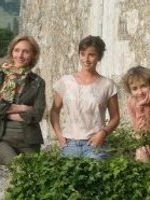 poster de la série 3 femmes... un soir d'été Saison 1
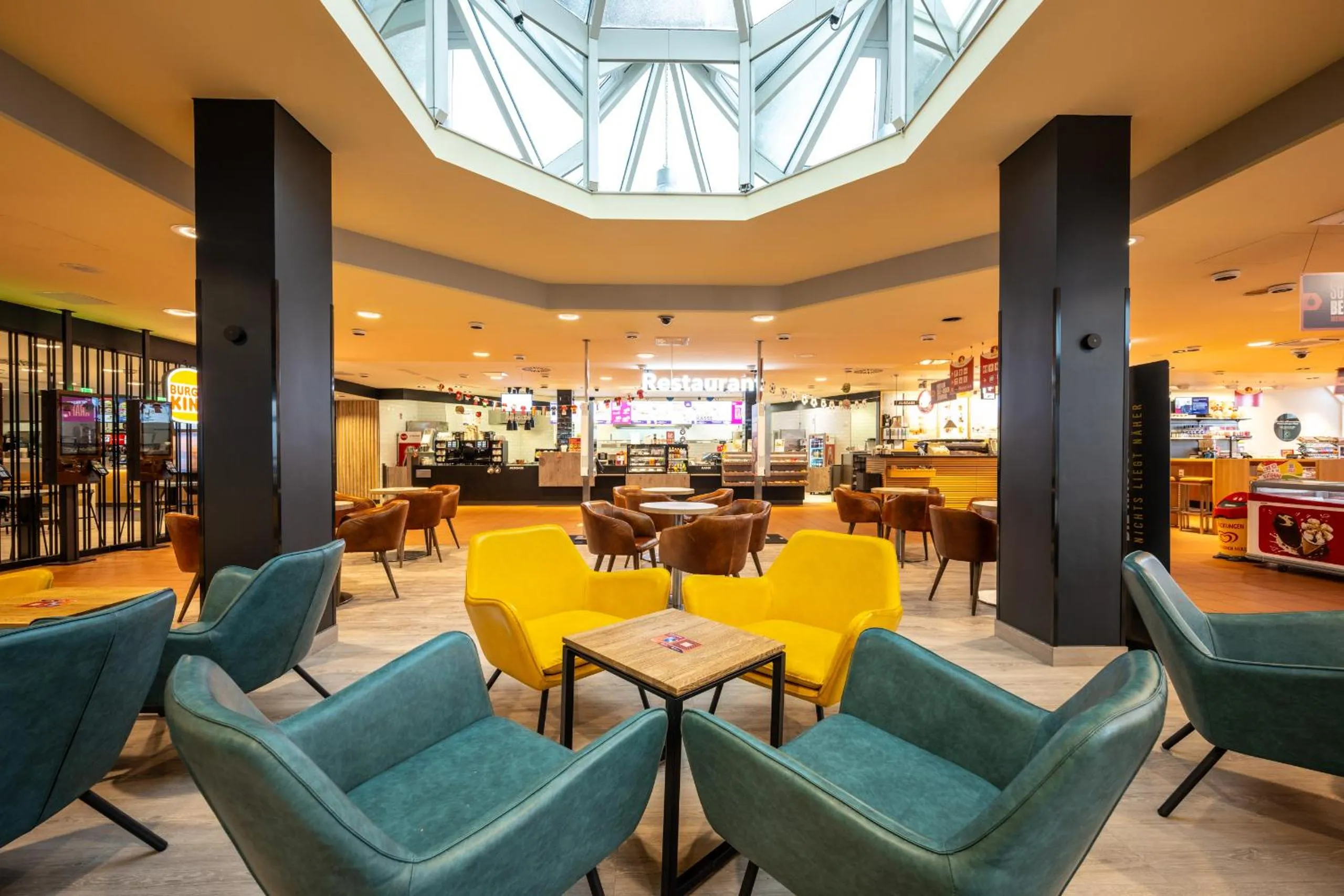 Restaurant/places to eat in Hotel Göttingen-West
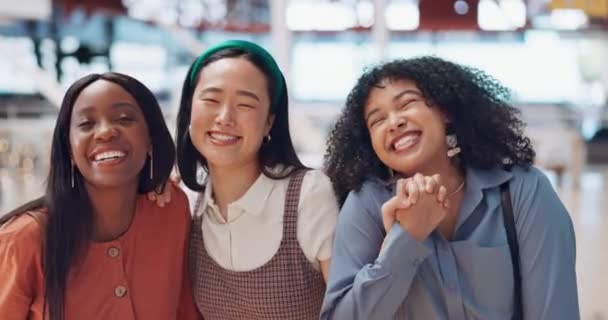 Vrienden, vrouwen portret en geluk samen in een winkelcentrum voor koffie, reünie en plezier met diversiteit, plezier en hechting. Gezicht van verschillende ras groep hand in hand voor dankbaarheid. - Video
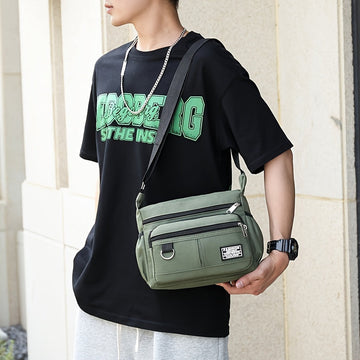 Melzano Kris | Shoulder bag with multiple compartments for daily use and travel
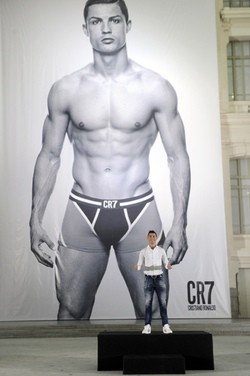 Cristiano Ronaldo promociona su línea de ropa interior con una fotografía  suya de 15 metros - Bekia Moda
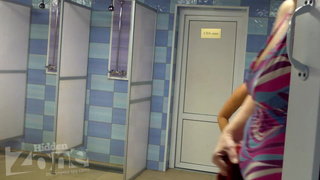 Голые дамы моются под душем в СПА салоне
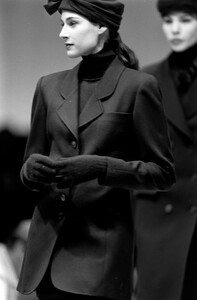 Deborah_Klein_Fendi_FW1988_03.jpg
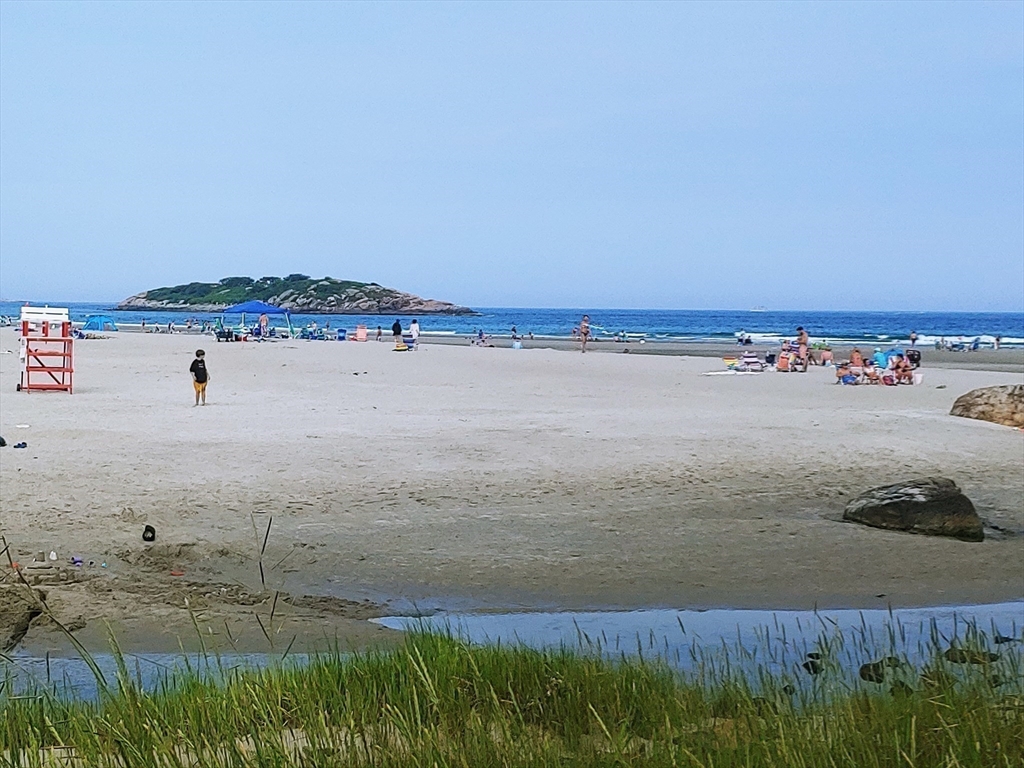 Gloucester, Massachusetts, 01930, United States, 3 Bedrooms Bedrooms, ,1 BathroomBathrooms,Residential,For Sale,2003205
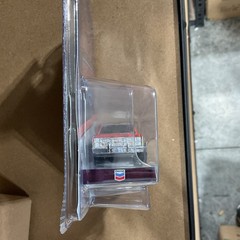 GreenLight Chevron Special Edition Series 1:64 Diecast 1986 GMC Suburban C10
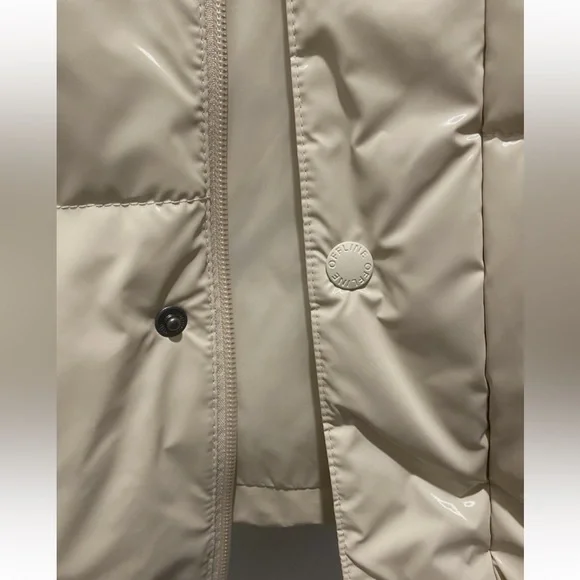 Aerie Offline Cream Puffer Vest NWT - Picture 3 of 5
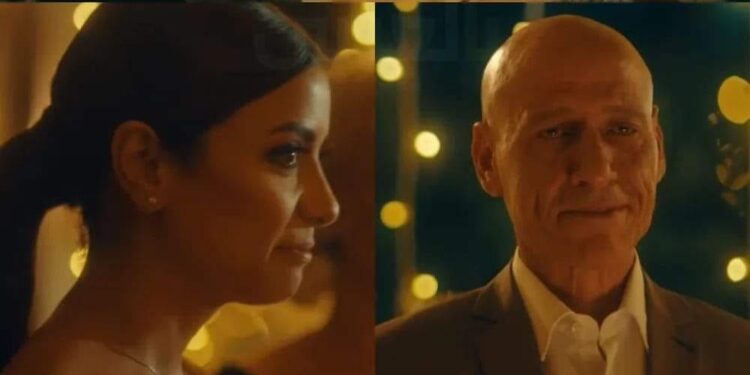 فى عيونه دمعة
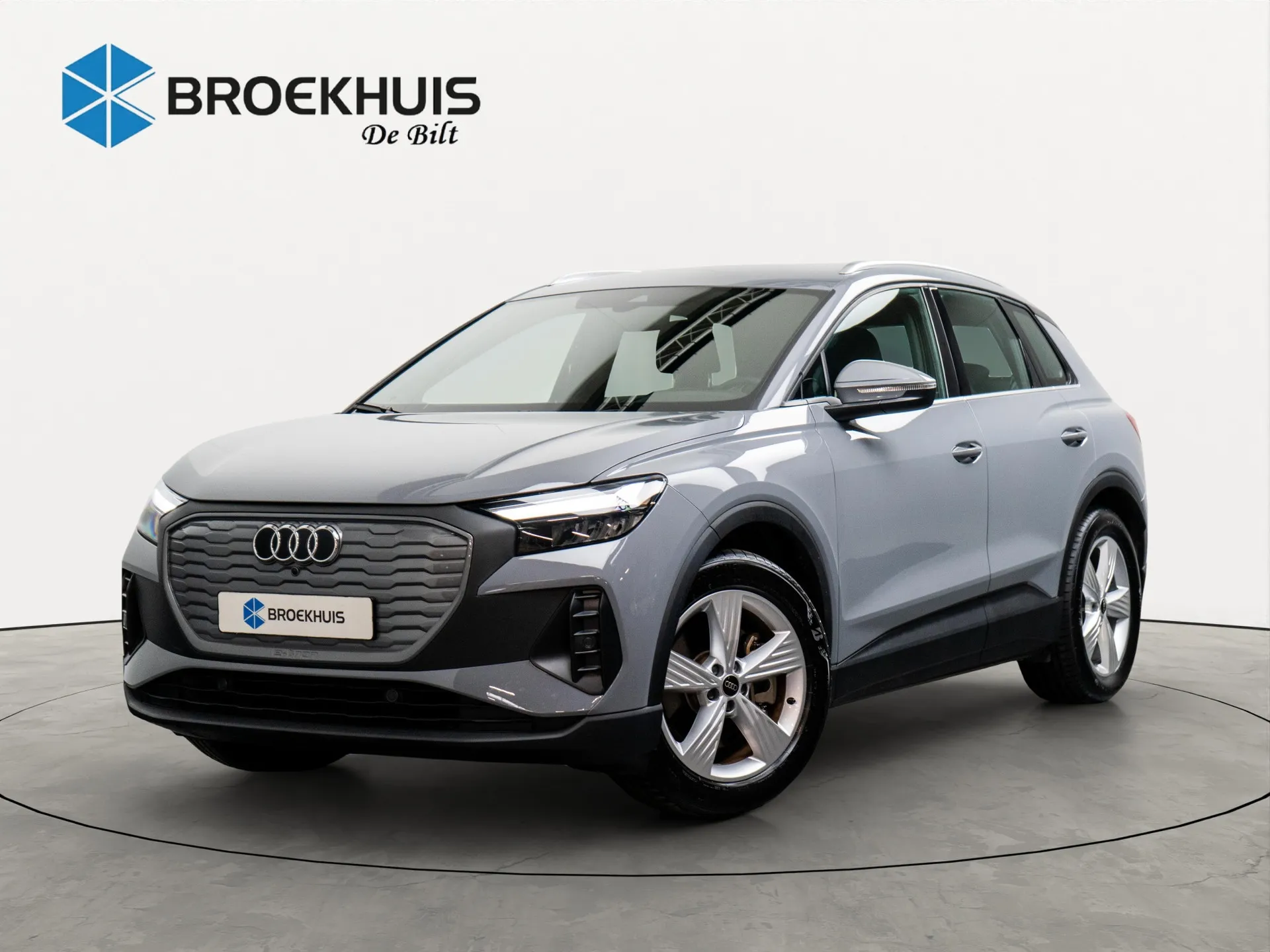 Audi Q4 e-tron — foto 1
◆ ◆ ◆ ◆
(What you need to do) With the images excluded, output every record verbatim.

(Exercise output)
 poster de la série 3 femmes... un soir d'été Saison 1
 Restaurant/places to eat in Hotel Göttingen-West
 Vrienden, vrouwen portret en geluk samen in een winkelcentrum voor koffie, reünie en plezier met diversiteit, plezier en hechting. Gezicht van verschillende ras groep hand in hand voor dankbaarheid. - Video
 Melzano Kris | Shoulder bag with multiple compartments for daily use and travel
 Cristiano Ronaldo promociona su línea de ropa interior con una fotografía  suya de 15 metros - Bekia Moda
 Голые дамы моются под душем в СПА салоне
 Deborah_Klein_Fendi_FW1988_03.jpg
 Gloucester, Massachusetts, 01930, United States, 3 Bedrooms Bedrooms, ,1 BathroomBathrooms,Residential,For Sale,2003205
 GreenLight Chevron Special Edition Series 1:64 Diecast 1986 GMC Suburban C10
 Aerie Offline Cream Puffer Vest NWT - Picture 3 of 5
 فى عيونه دمعة
 Audi Q4 e-tron — foto 1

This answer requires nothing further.